Information supplied:
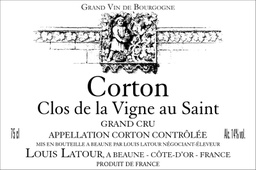 [197330] Corton Clos de la Vigne au Saint, Louis Latour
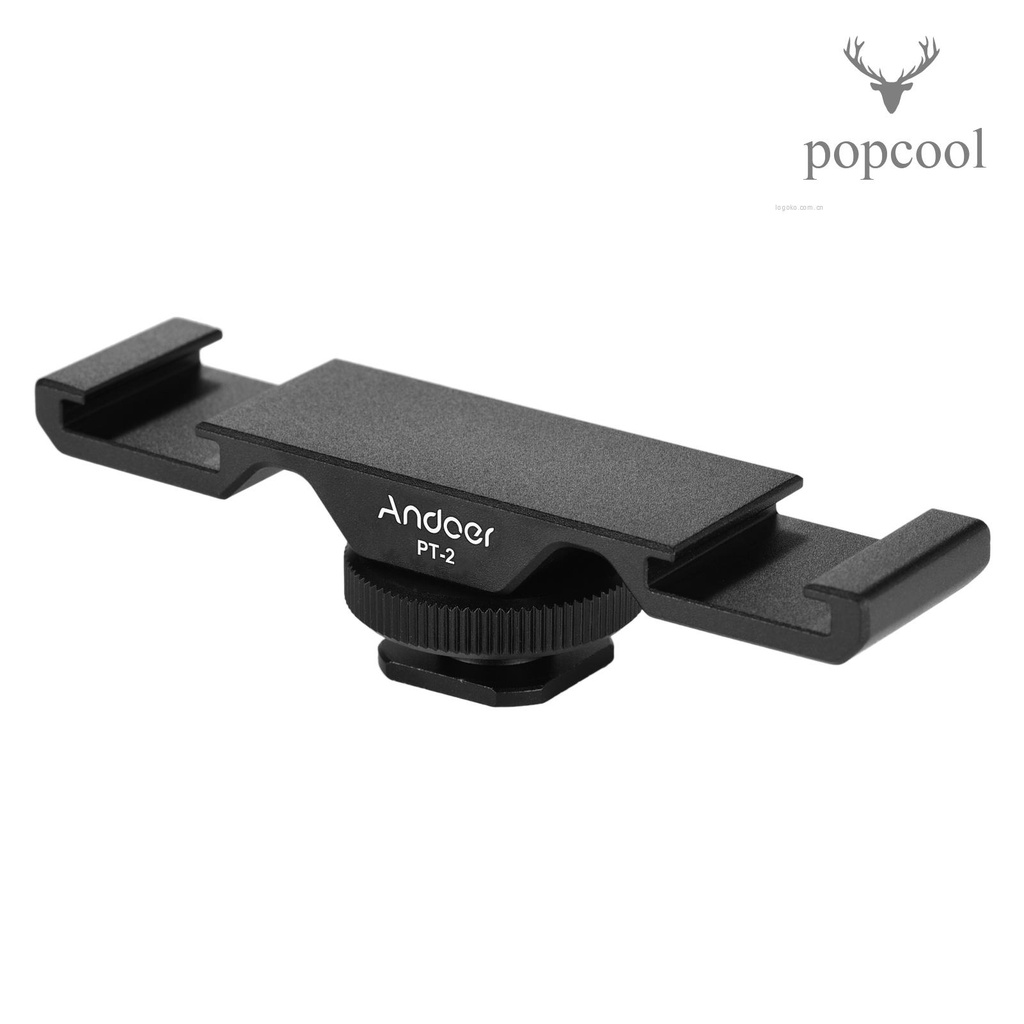 Thanh Mở Rộng Andoer PT-2 Cho Máy Ảnh / Điện Thoại Thông Minh / Đèn LED | BigBuy360 - bigbuy360.vn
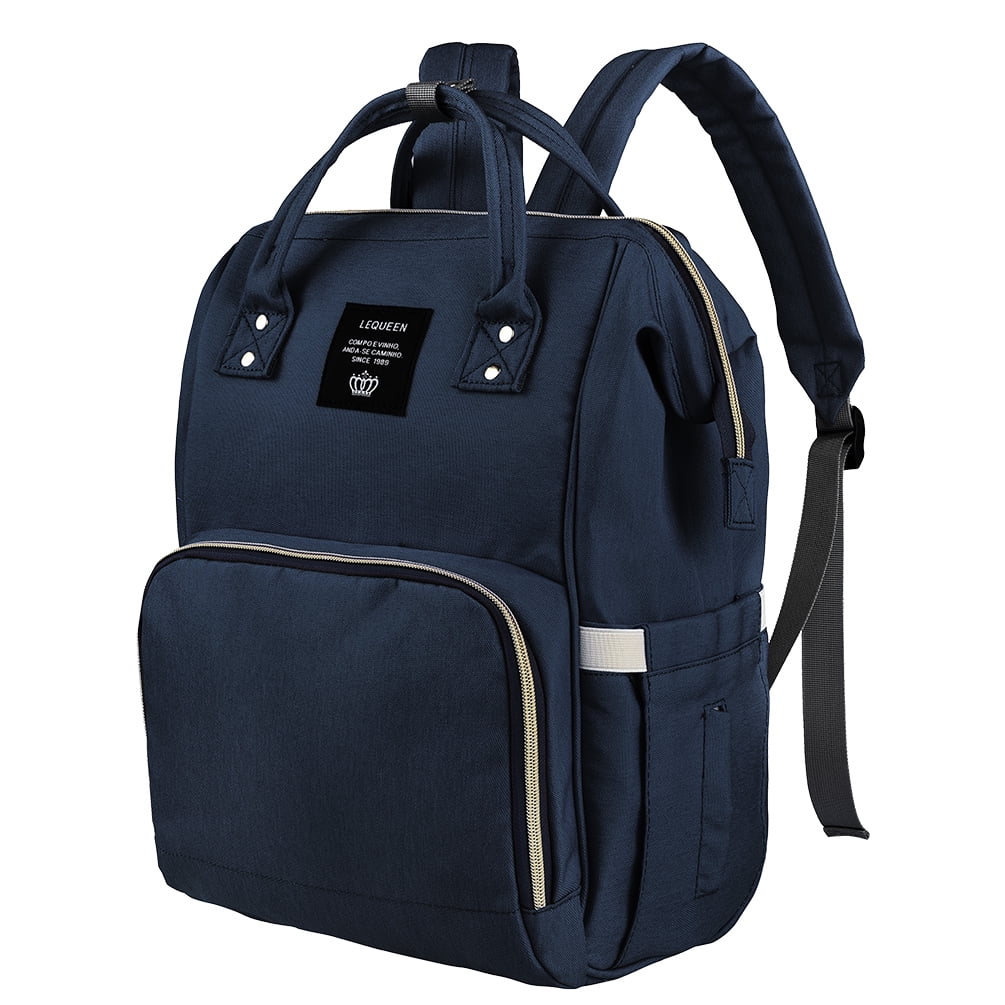 Womens Waterproof Anti-theft Backpack Travel Rucksack Shoulder Bag-Oxford Cloth 
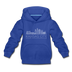 Kansas City, Missouri Youth Hoodie - Skyline Youth Kansas City Hooded Sweatshirt - royal blue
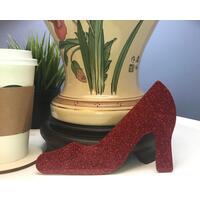 Ruby red slipper Ruby red slipper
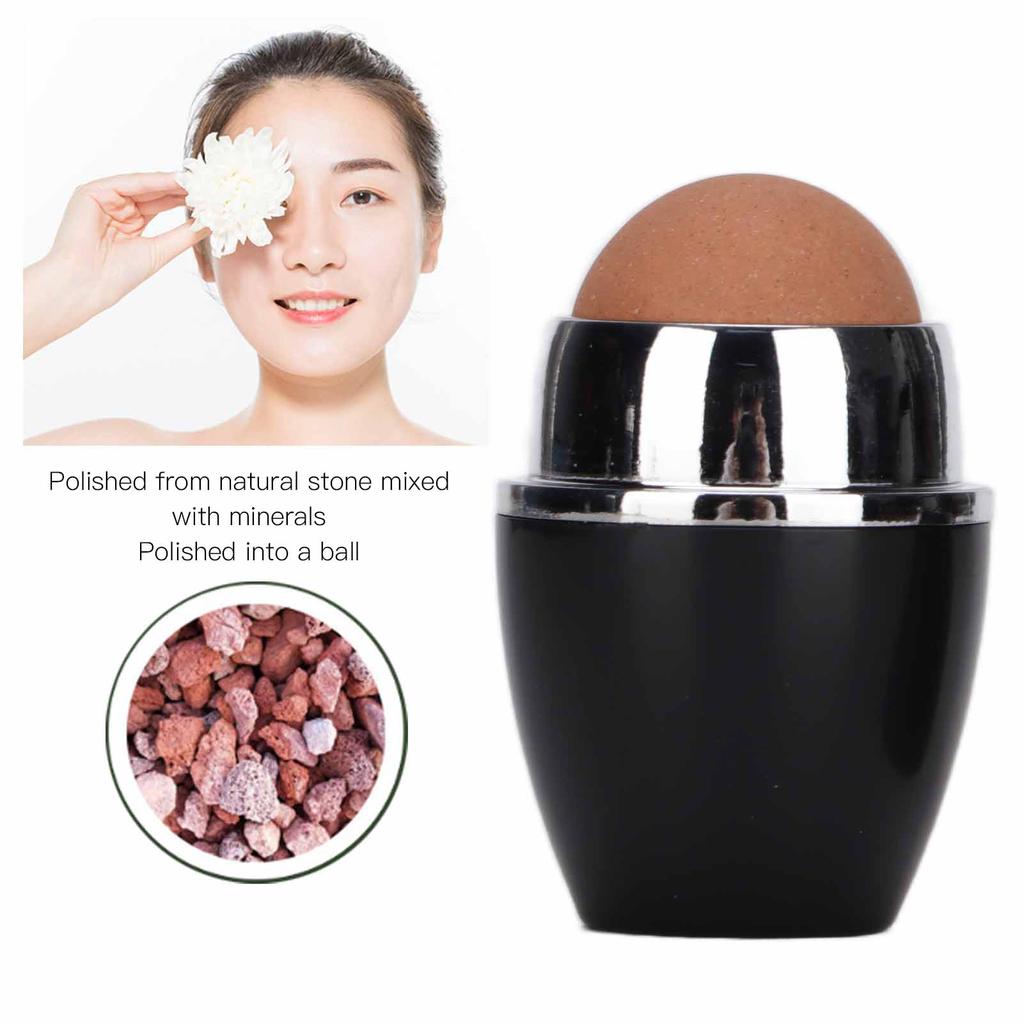 Facial Roller Promote Cell Metabolism Face Cleaning Pore Massage   for Skincare Makeup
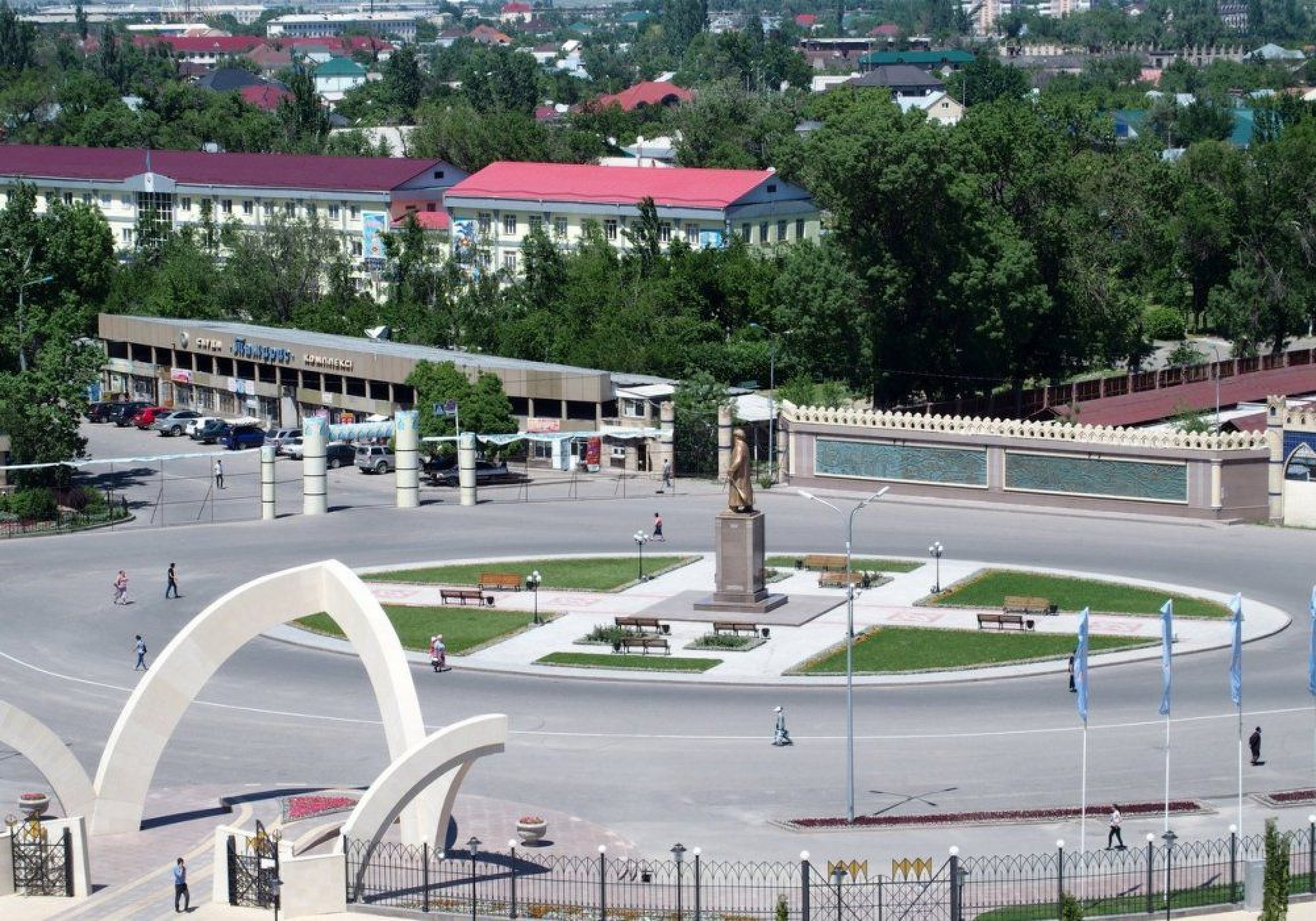 تارازداعى شاعىن اۋدان ماسەلەسى شەشىمىن تاۋىپ كەلەدى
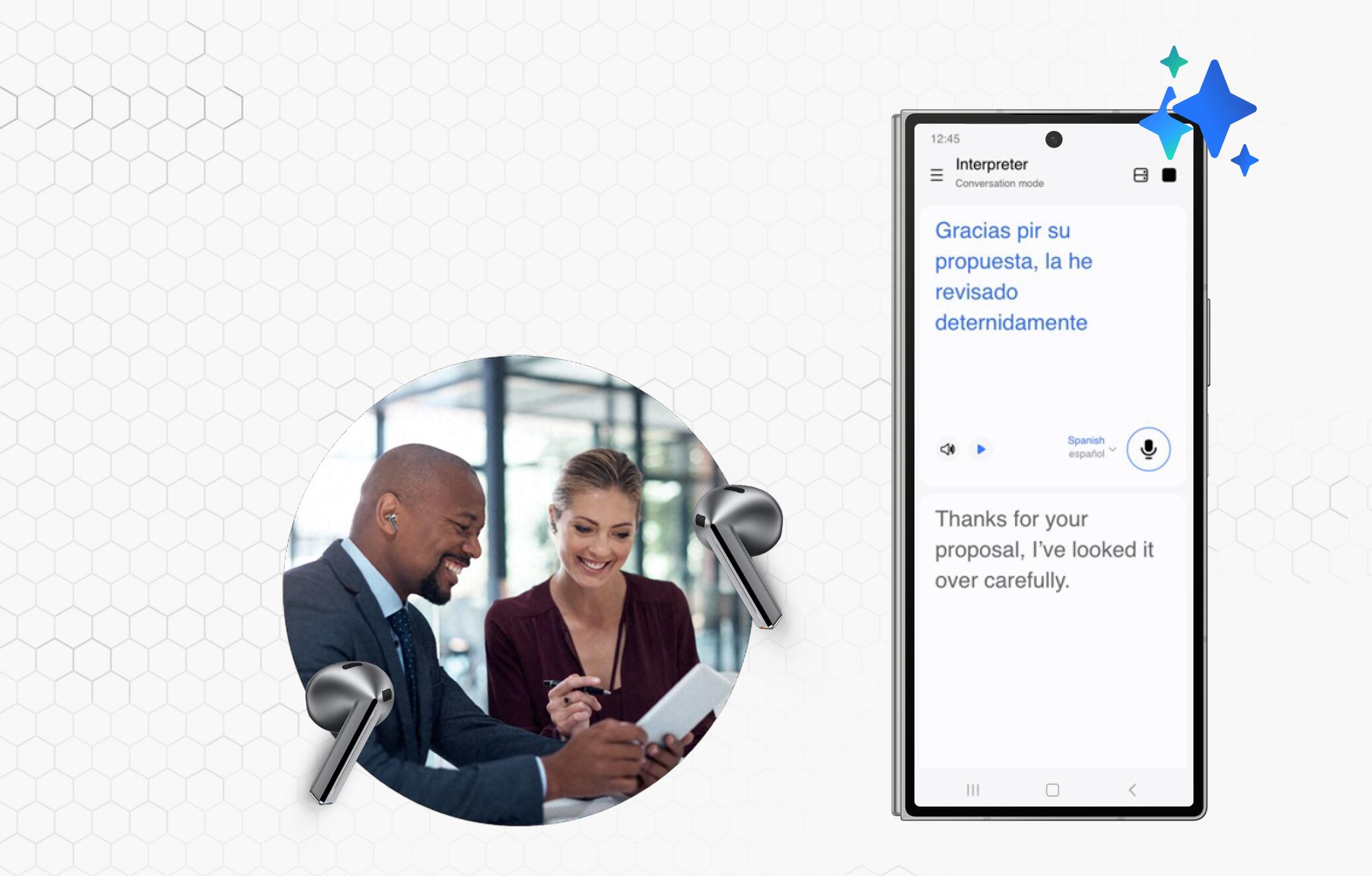 Galaxy Buds3 Pro Draadloze oordopjes met Bluetooth - White 7/9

Exercise details:
Restate every line above word for word. Do not carry over the images.

Response area:
 [197330] Corton Clos de la Vigne au Saint, Louis Latour
 Thanh Mở Rộng Andoer PT-2 Cho Máy Ảnh / Điện Thoại Thông Minh / Đèn LED | BigBuy360 - bigbuy360.vn
 Womens Waterproof Anti-theft Backpack Travel Rucksack Shoulder Bag-Oxford Cloth 
 Kansas City, Missouri Youth Hoodie - Skyline Youth Kansas City Hooded Sweatshirt - royal blue
 Ruby red slipper Ruby red slipper
 Facial Roller Promote Cell Metabolism Face Cleaning Pore Massage   for Skincare Makeup
 تارازداعى شاعىن اۋدان ماسەلەسى شەشىمىن تاۋىپ كەلەدى
 Galaxy Buds3 Pro Draadloze oordopjes met Bluetooth - White 7/9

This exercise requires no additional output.